Ruby on Rails scalability/performance?

Ruby on-RailsRubyScalability

Ruby on-Rails Problem Overview


I have used PHP for awhile now and have used it well with CodeIgniter, which is a great framework. I am starting on a new personal project and last time I was considering what to use (PHP vs ROR) I used PHP because of the scalability problems I heard ROR had, especially after reading what the Twitter devs had to say about it. Is scalability still an issue in ROR or has there been improvements to it?

I would like to learn a new language, and ROR seems interesting. PHP gets the job done but as everyone knows its syntax and organization are fugly and it feels like one big hack.

Ruby on-Rails Solutions


Solution 1 - Ruby on-Rails

To expand on Ryan Doherty's answer a bit...

I work in a statically typed language for my day job (.NET/C#), as well as Ruby as a side thing. Prior to my current day job, I was the lead programmer for a ruby development firm doing work for the New York Times Syndication service. Before that, I worked in PHP as well (though long, long ago).

I say that simply to say this: I've experienced rails (and more generally ruby) performance problems first hand, as well as a few other alternatives. As Ryan says, you aren't going to have it automatically scale for you. It takes work and immense amounts of patience to find your bottlenecks.
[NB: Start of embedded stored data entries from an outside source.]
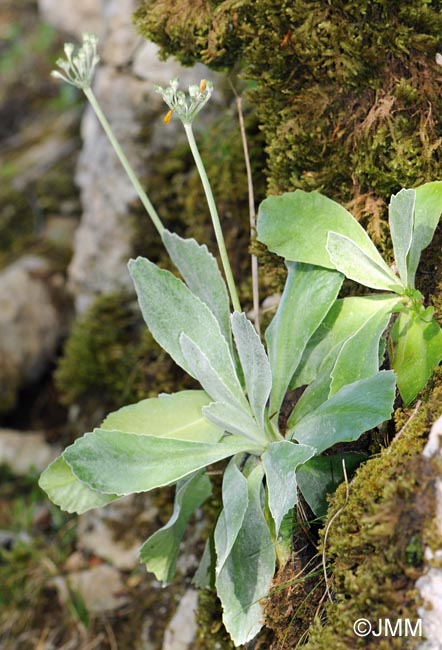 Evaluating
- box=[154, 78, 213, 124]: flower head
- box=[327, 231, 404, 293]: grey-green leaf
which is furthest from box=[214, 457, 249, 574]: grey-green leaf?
box=[154, 78, 213, 124]: flower head

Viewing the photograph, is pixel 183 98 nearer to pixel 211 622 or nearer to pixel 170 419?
pixel 170 419

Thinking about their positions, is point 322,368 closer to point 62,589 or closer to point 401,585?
point 401,585

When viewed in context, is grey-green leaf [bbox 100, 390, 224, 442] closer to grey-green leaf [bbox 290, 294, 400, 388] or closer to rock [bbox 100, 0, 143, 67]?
grey-green leaf [bbox 290, 294, 400, 388]

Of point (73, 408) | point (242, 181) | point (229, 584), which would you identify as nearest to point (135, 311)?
point (73, 408)

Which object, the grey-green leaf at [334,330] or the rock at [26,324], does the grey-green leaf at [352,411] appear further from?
the rock at [26,324]

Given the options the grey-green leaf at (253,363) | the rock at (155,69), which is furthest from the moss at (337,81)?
the rock at (155,69)

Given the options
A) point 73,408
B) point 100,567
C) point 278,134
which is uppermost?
point 278,134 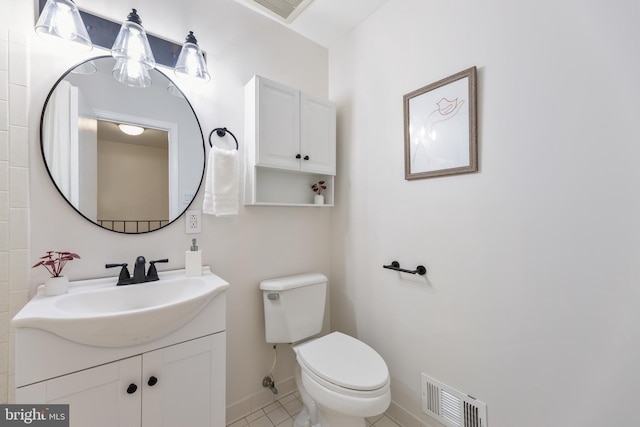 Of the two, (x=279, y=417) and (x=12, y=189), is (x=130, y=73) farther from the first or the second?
(x=279, y=417)

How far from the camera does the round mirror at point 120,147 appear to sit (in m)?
1.10

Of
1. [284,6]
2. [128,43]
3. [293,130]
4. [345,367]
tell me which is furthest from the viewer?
[293,130]

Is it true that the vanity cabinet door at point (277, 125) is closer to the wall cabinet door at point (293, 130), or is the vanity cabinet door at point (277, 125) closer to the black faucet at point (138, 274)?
the wall cabinet door at point (293, 130)

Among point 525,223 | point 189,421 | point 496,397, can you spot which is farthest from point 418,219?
point 189,421

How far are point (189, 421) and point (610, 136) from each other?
192cm

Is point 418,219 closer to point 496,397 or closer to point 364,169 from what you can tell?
point 364,169

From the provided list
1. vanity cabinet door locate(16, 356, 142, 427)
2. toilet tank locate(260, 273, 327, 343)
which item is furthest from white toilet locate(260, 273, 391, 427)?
vanity cabinet door locate(16, 356, 142, 427)

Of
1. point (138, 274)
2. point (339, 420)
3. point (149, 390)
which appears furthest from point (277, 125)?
point (339, 420)

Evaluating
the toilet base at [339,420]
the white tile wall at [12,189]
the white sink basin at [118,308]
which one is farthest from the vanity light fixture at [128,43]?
the toilet base at [339,420]

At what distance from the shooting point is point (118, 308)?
109 centimetres

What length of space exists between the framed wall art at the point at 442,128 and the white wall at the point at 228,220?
0.82 metres

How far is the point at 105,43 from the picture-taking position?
3.90 ft

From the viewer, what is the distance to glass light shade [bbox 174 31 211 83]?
1.30 metres

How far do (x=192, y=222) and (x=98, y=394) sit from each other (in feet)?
2.55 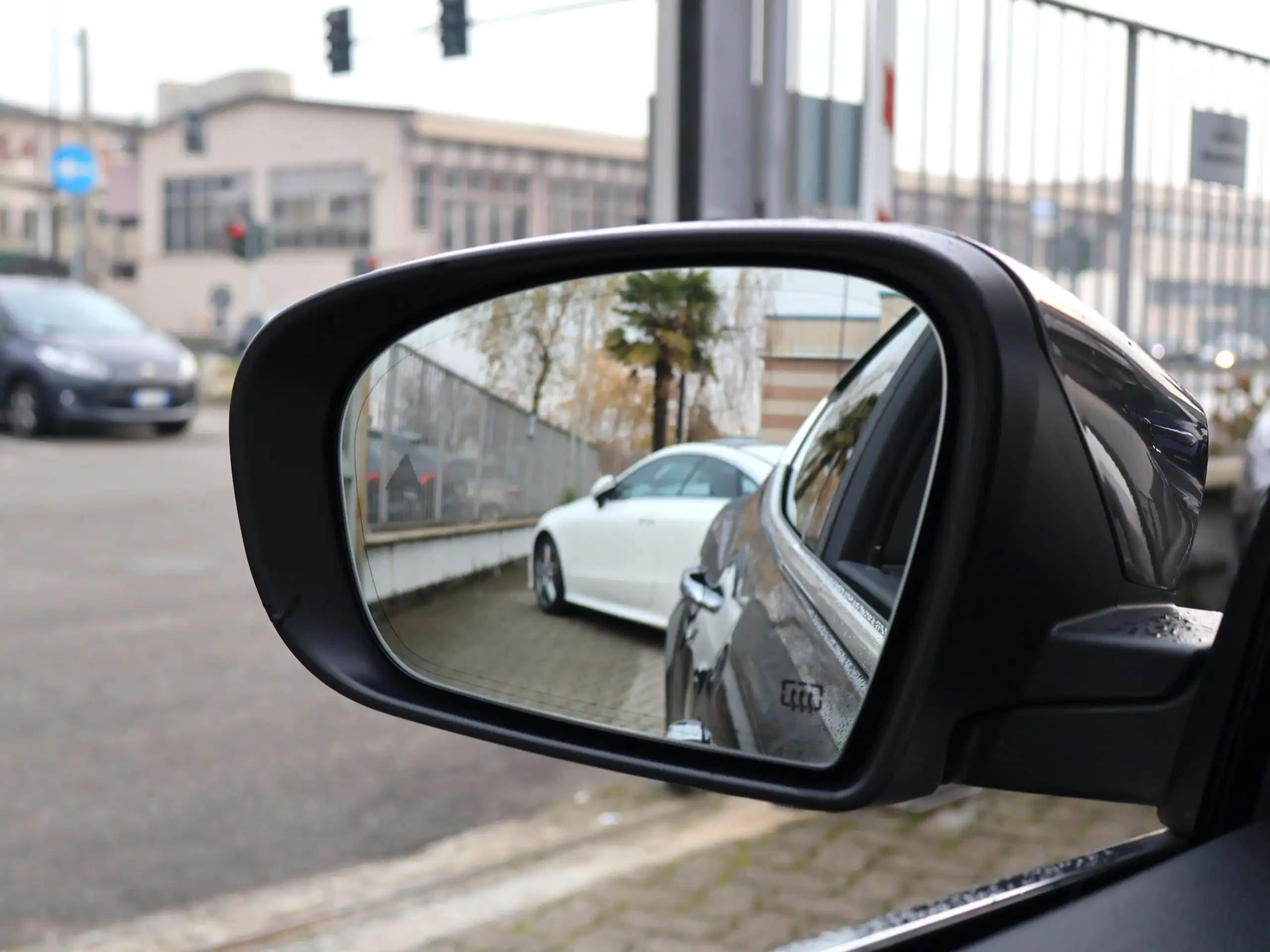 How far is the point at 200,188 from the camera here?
48438mm

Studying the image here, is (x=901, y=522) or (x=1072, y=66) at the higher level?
(x=1072, y=66)

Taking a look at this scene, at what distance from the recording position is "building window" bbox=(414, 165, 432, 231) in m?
38.3

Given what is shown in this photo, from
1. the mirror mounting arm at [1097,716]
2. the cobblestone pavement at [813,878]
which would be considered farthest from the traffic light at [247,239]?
the mirror mounting arm at [1097,716]

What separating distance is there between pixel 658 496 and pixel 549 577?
0.12m

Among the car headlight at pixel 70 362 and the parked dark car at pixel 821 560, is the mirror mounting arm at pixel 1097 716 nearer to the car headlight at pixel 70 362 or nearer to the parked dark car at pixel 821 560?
the parked dark car at pixel 821 560

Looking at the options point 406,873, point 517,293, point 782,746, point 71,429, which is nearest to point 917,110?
point 406,873

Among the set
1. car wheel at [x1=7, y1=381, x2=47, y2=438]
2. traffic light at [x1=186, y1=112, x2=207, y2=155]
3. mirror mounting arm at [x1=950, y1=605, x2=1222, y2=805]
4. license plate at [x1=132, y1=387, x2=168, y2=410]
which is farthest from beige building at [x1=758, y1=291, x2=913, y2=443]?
traffic light at [x1=186, y1=112, x2=207, y2=155]

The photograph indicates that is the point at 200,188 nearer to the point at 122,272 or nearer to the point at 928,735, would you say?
the point at 122,272

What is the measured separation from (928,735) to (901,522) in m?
0.14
A large majority of the performance issues we saw from others and even ourselves were dealing with slow performing queries in our ORM layer. We went from Rails/ActiveRecord to Rails/DataMapper and finally to Merb/DM, each iteration getting more speed simply because of the underlying frameworks.

Caching does amazing wonders for performance. Unfortunately, we couldn't cache our data. Our cache would effectively be invalidated every five minutes at most. Nearly every single bit of our site was dynamic. So if/when you can't do that, perhaps you can learn from our experience.

We had to end up seriously fine tuning our database indexes, making sure our queries weren't doing very stupid things, making sure we weren't executing more queries than was absolutely necessary, etc. When I say "very stupid things", I mean the 1 + N query problem...

# 1 query
Dog.find(:all).each do |dog|
   # N queries
   dog.owner.siblings.each do |sibling|
      # N queries per above N query!
      sibling.pets.each do |pet|
         # Do something here
      end
   end
end

DataMapper is an excellent way to handle the above problem (there are no 1 + N problems with it), but an even better way is to use your brain and stop doing queries like that. When you need raw performance, most of the ORM layers won't easily handle extremely custom queries, so you might as well hand write them.

We also did common sense things. We bought a beefy server for our growing database, and moved it off onto it's own dedicated box. We also had to do TONS of processing and data importing constantly. We moved our processing off onto its own box as well. We also stopped loading our entire freaking stack just for our data import utilities. We tastefully loaded only what we absolutely needed (thus reducing memory overhead!).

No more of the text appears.